Now, O Israel, what does the LORD your God ask of you but to fear the LORD your God, to walk in all his ways, to love him, to serve the LORD your God with all your heart and with all your soul, and to observe the LORD’s commands and decrees that I am giving you today for your own good [*Deuteronomy 10:12,13*]?
Love the LORD your God and keep his requirements, his decrees, his laws and his commands always [*Deuteronomy 11:1*].
Our first parents demonstrated that they had replaced love for the Creator with self-love through disobedience to the express command of Him who gave them life.
Immediately they felt their guilt because they were guilty before God.
They were disobedient and they had displaced love for God with love for self.

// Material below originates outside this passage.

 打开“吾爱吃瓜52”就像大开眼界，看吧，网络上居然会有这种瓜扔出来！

Their guilt is evident in their actions.
They attempted to cover over their nakedness, hoping God wouldn’t notice, and they attempted to hide from God.  Trying to cover over the evidence of our sin and trying to hide from God are to this day evidence of our guilt before God.

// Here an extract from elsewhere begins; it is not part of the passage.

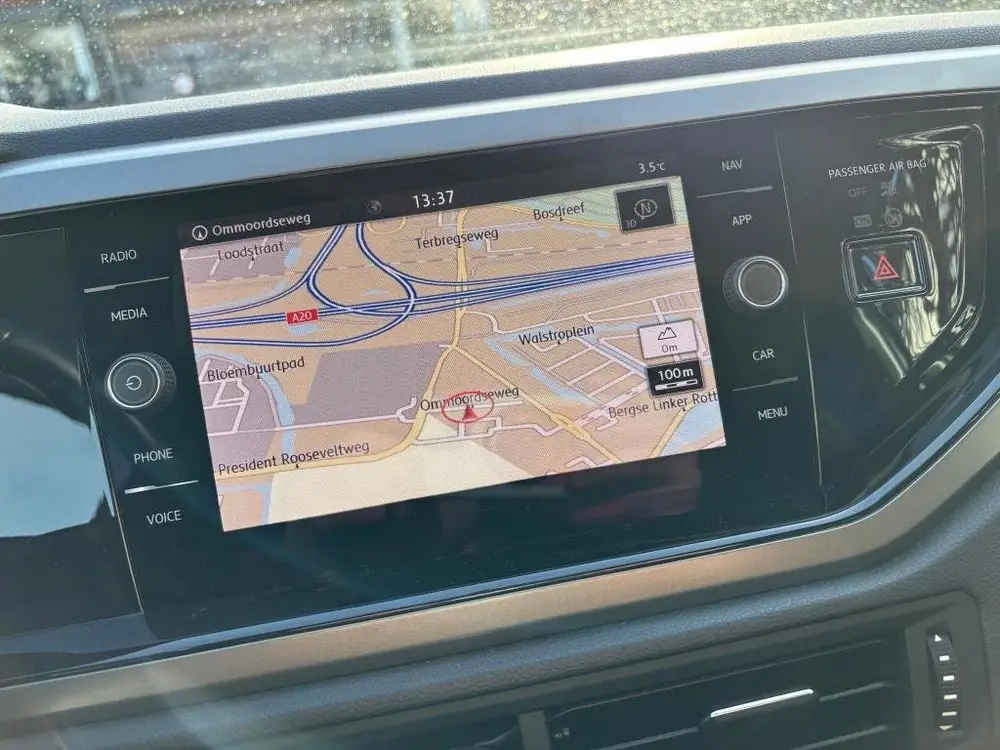 Volkswagen Polo 1.0 MPI Comfortline Navi uit 2019, foto 12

To this day we each experience a sense of guilt before God.
We are frustrated since we know we are created in the image of God.
We are to be more than we are and we are powerless to become what we should.

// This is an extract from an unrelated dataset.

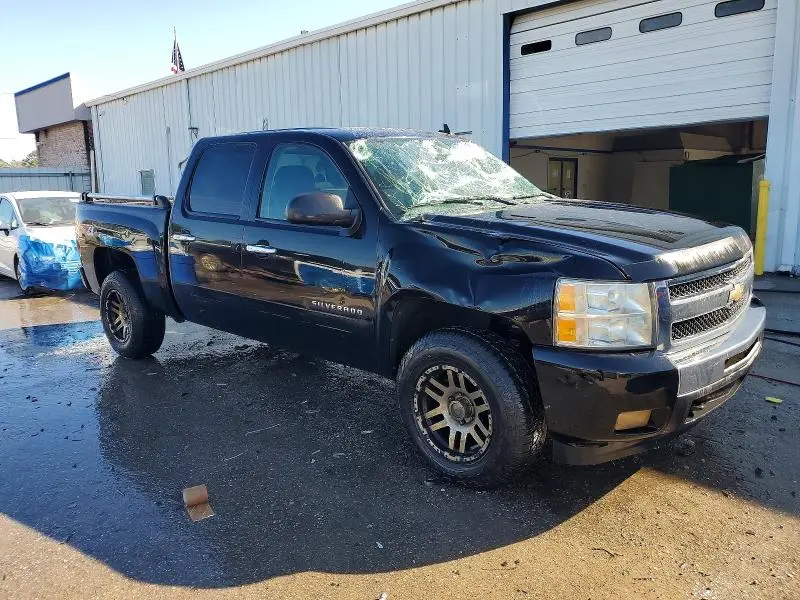 2011 CHEVROLET SILVERADO K1500 LT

The guilt is always present with us.
An excellent example of the guilt we feel is found in the *38th Psalm*.
David writes:
 
O LORD, do not rebuke me in your anger
or discipline me in your wrath.
For your arrows have pierced me,
and your hand has come down upon me.
Because of your wrath there is no health in my body;
my bones have no soundness because of my sin.
My guilt has overwhelmed me
like a burden too heavy to bear.
[*Psalm 38:1-4*]
 
A similar sentiment is expressed in *Psalm 69:5*.
You know my folly, O God;
my guilt is not hidden from you.
Worse still, when we are confronted by the presence of God we attempt to excuse our lack of righteousness through accusing others.
Adam blamed God for his failure.
The essence of Adam’s response to God’s query is, “Had you not placed that woman here I would not have sinned.”
Eve blamed the serpent.
How could she help herself?
After all, she was just a woman and the serpent was an expert in deceit.
To this day we think we can excuse our sin through accusing another … even God.
Nationally syndicated columnist Christie Blatchford had an insightful column in yesterday’s edition of the National Post.[1]
The article questions the commonly held view that girls are made of sugar and spice and everything nice, whereas boys are made of snips and snails and puppy dog tails.
Ms.
Blatchford’s position, a position readily supported by the Word of God, is that women are notorious liars … just as are men.
Karla Homolka is as capable of murder as is Paul Bernardo.
Both men and women are sinners before God and both alike, when confronted by their sinful nature, make excuses for their actions.
Though we may excuse ourselves, God weighs our motives just as Solomon states.
All a man’s ways seem innocent to him,
but motives are weighed by the LORD.
[*Proverbs 16:2*]
Perhaps we don’t think of ourselves as awful sinners, but that is because we don’t think often of the perfect standard by which God judges an individual.
God sets a standard of perfection.
He says, Be holy because I am holy [*1 Peter 1:16*].
Holiness has but one standard—perfection.
Against this standard no one can stand.
Isaiah has accurately described us when he says,
 
We all, like sheep, have gone astray,
each of us has turned to his own way.
[*Isaiah 53:6*]
 
Knowing we were created to enjoy fellowship with God, knowing we are created in the image of God, knowing we are only a little lower than God—we are frustrated to know we cannot achieve the position we were created to fill.
The nearer we draw to God in our own efforts the more we are condemned.
This is the observation which James notes in *James 2:10*.
Whoever keeps the whole law and yet stumbles at just one point is guilty of breaking all of it.
We are deluded if we imagine that we can somehow please God through our own efforts, or even think that we may somehow keep the Law which God gave through Moses.
There are over three hundred fifty prohibitions and two hundred fifty positive commands which are recorded in the Law.
I am confident that no one of us is capable of reciting those six hundred thirteen laws to say nothing of obeying them perfectly.